EXERCISE MATERIAL:
* * *
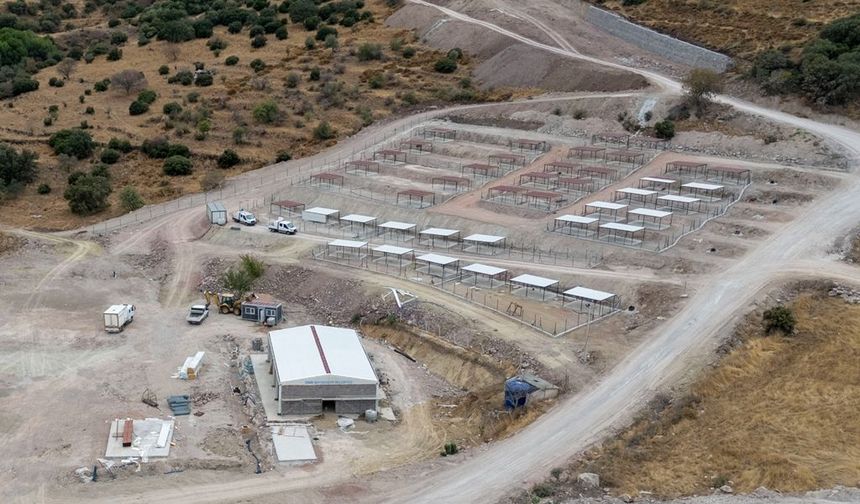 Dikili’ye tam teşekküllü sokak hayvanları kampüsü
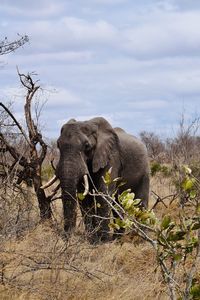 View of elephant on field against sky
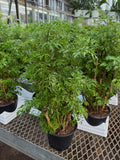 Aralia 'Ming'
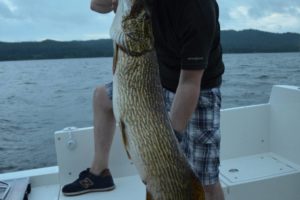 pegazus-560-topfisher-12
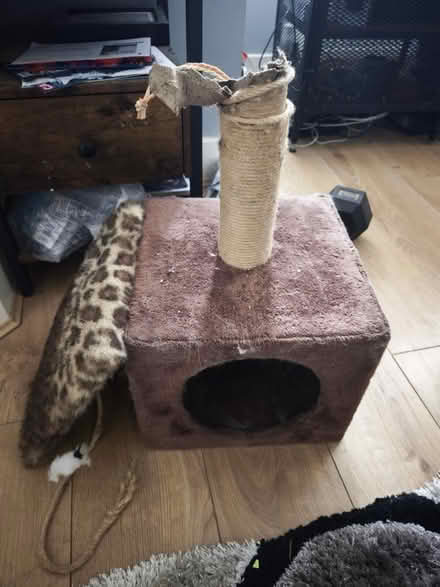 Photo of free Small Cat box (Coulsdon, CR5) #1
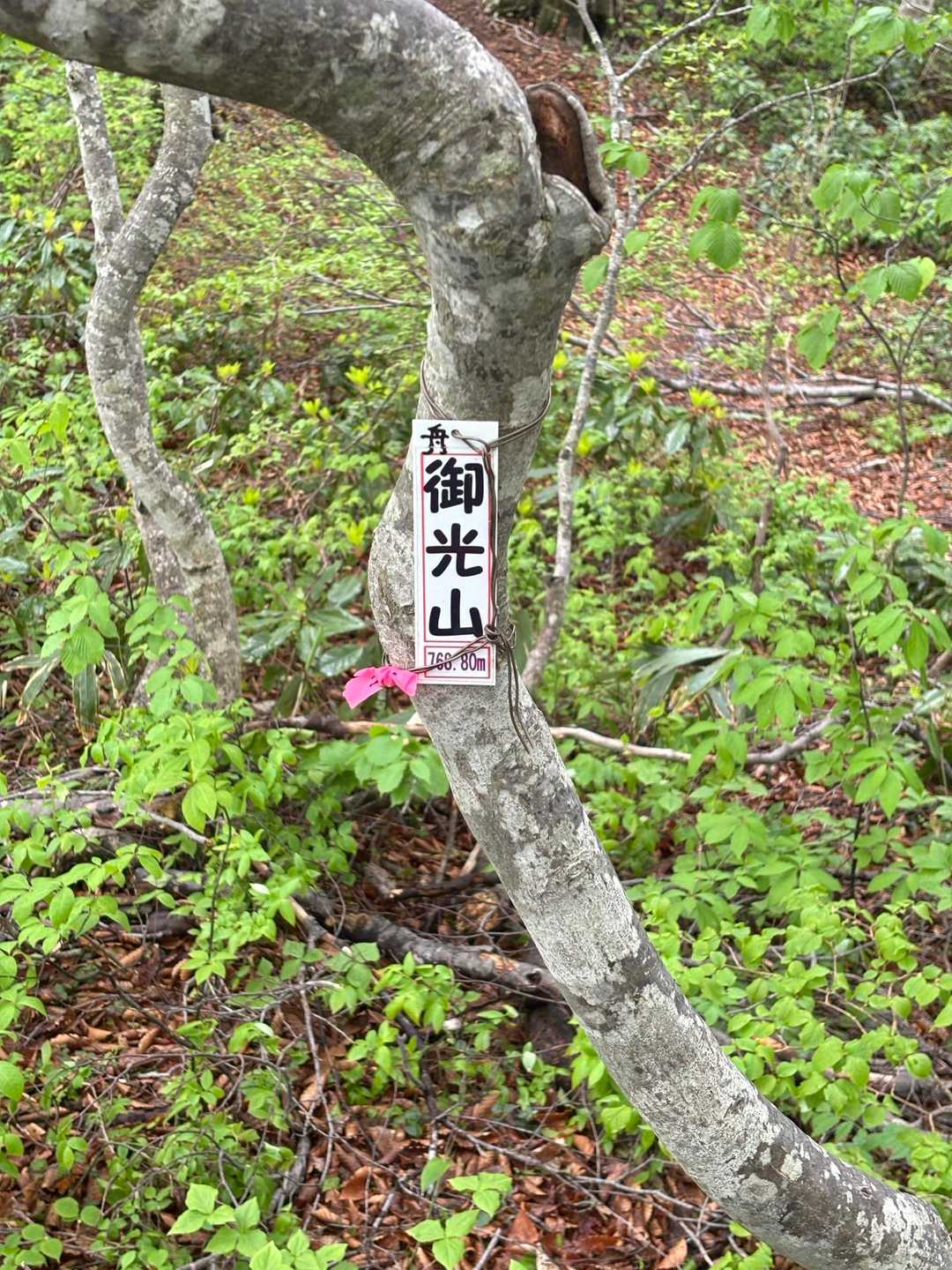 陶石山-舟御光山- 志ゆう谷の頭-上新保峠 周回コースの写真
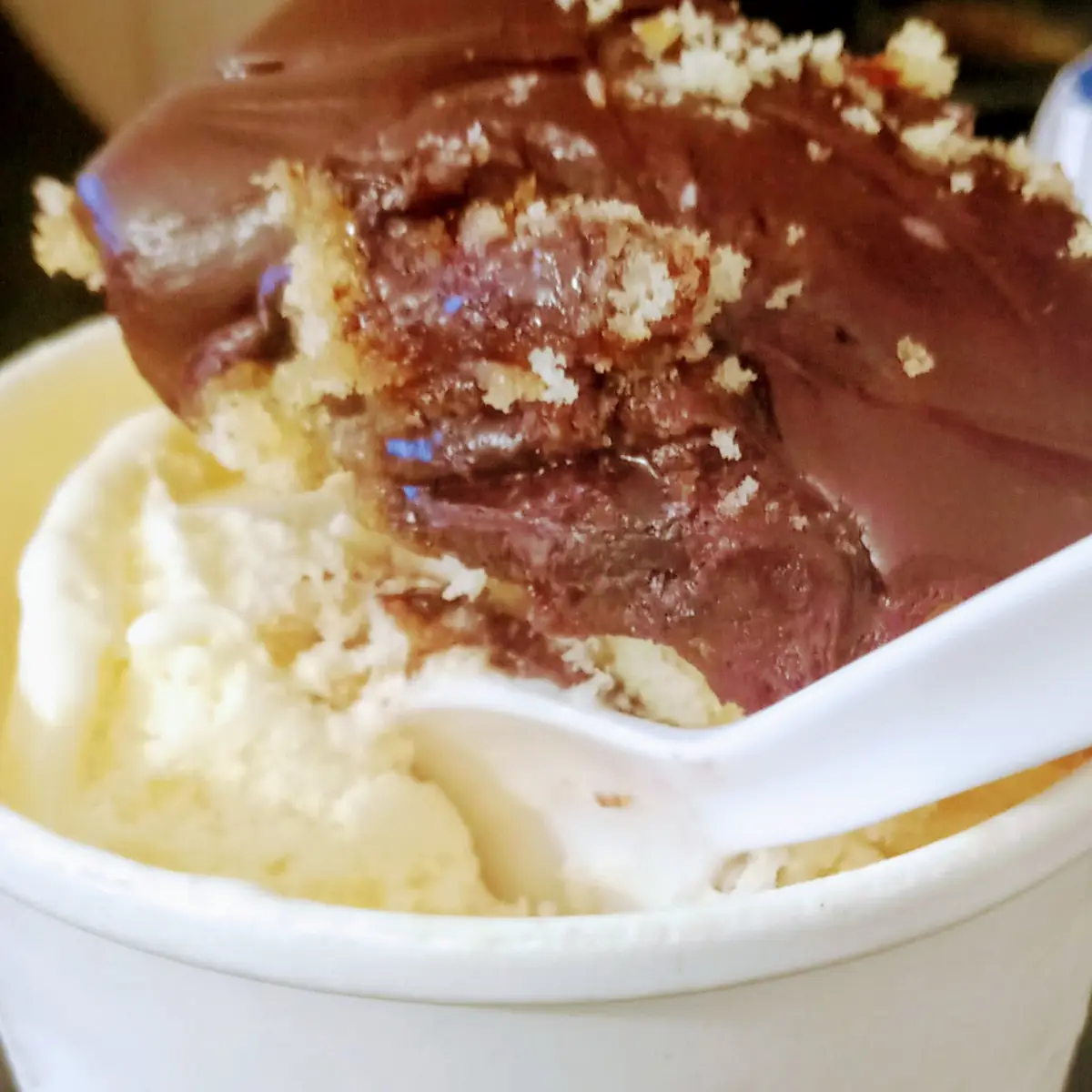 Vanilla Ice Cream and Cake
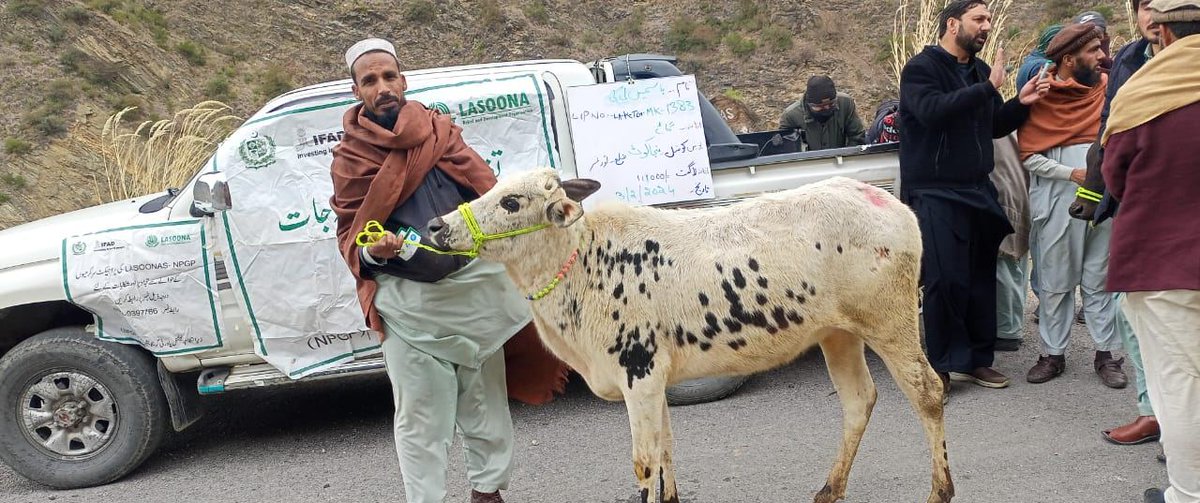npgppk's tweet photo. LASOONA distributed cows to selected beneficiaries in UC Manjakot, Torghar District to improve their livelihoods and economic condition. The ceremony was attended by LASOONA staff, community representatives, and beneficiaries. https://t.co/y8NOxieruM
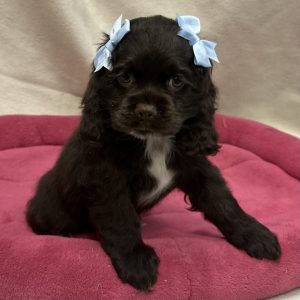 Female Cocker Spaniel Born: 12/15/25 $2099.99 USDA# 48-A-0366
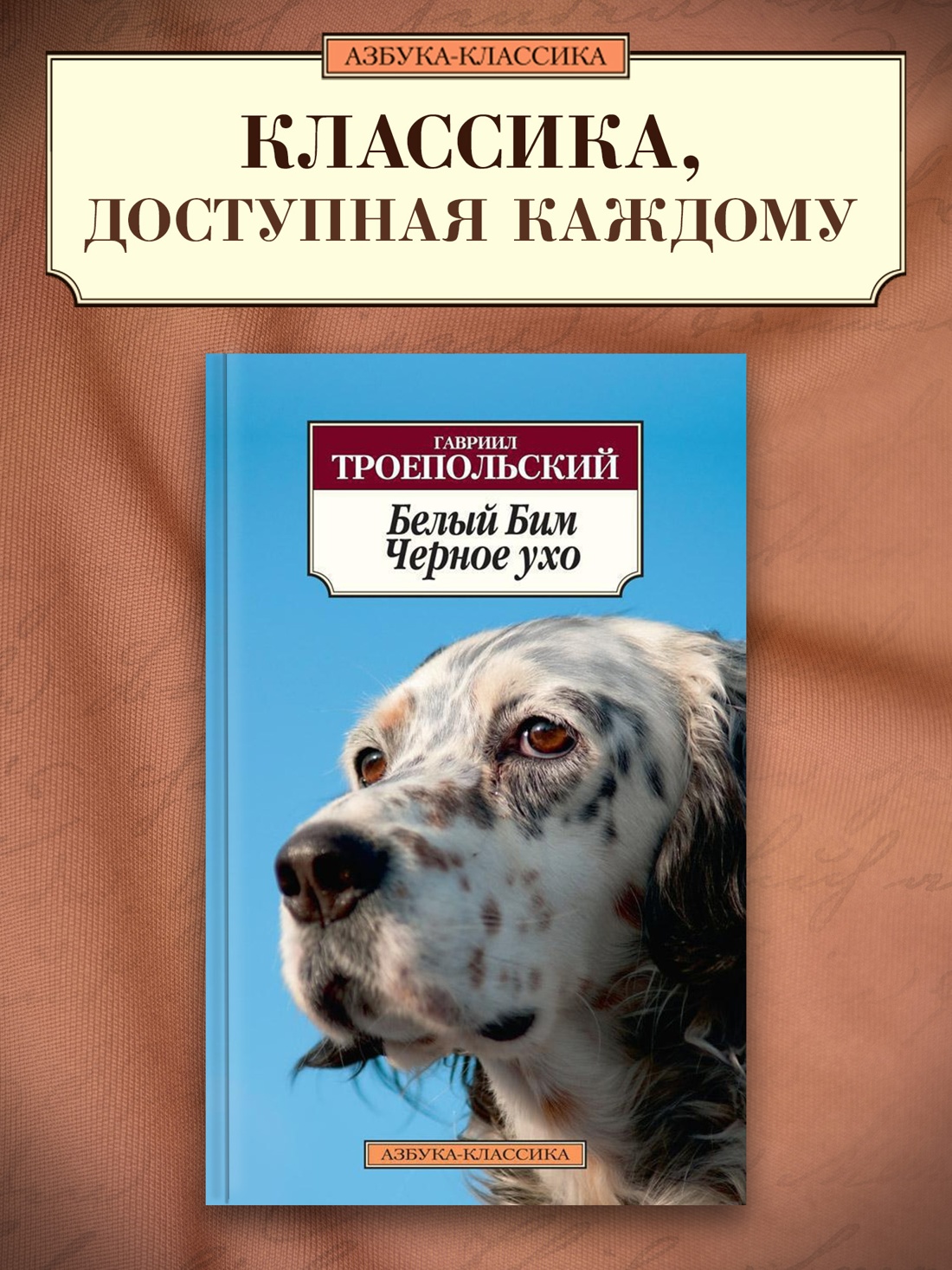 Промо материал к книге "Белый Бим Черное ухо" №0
* * *
WORK TASK: No pictures go in the copy. Output exactly the lines from the line containing "View of elephant on field against sky" through the end of the listing above.

ANSWER BOX:
 View of elephant on field against sky
 Aralia 'Ming'
 pegazus-560-topfisher-12
 Photo of free Small Cat box (Coulsdon, CR5) #1
 陶石山-舟御光山- 志ゆう谷の頭-上新保峠 周回コースの写真
 Vanilla Ice Cream and Cake
npgppk's tweet photo. LASOONA distributed cows to selected beneficiaries in UC Manjakot, Torghar District to improve their livelihoods and economic condition. The ceremony was attended by LASOONA staff, community representatives, and beneficiaries. https://t.co/y8NOxieruM
 Female Cocker Spaniel Born: 12/15/25 $2099.99 USDA# 48-A-0366
 Промо материал к книге "Белый Бим Черное ухо" №0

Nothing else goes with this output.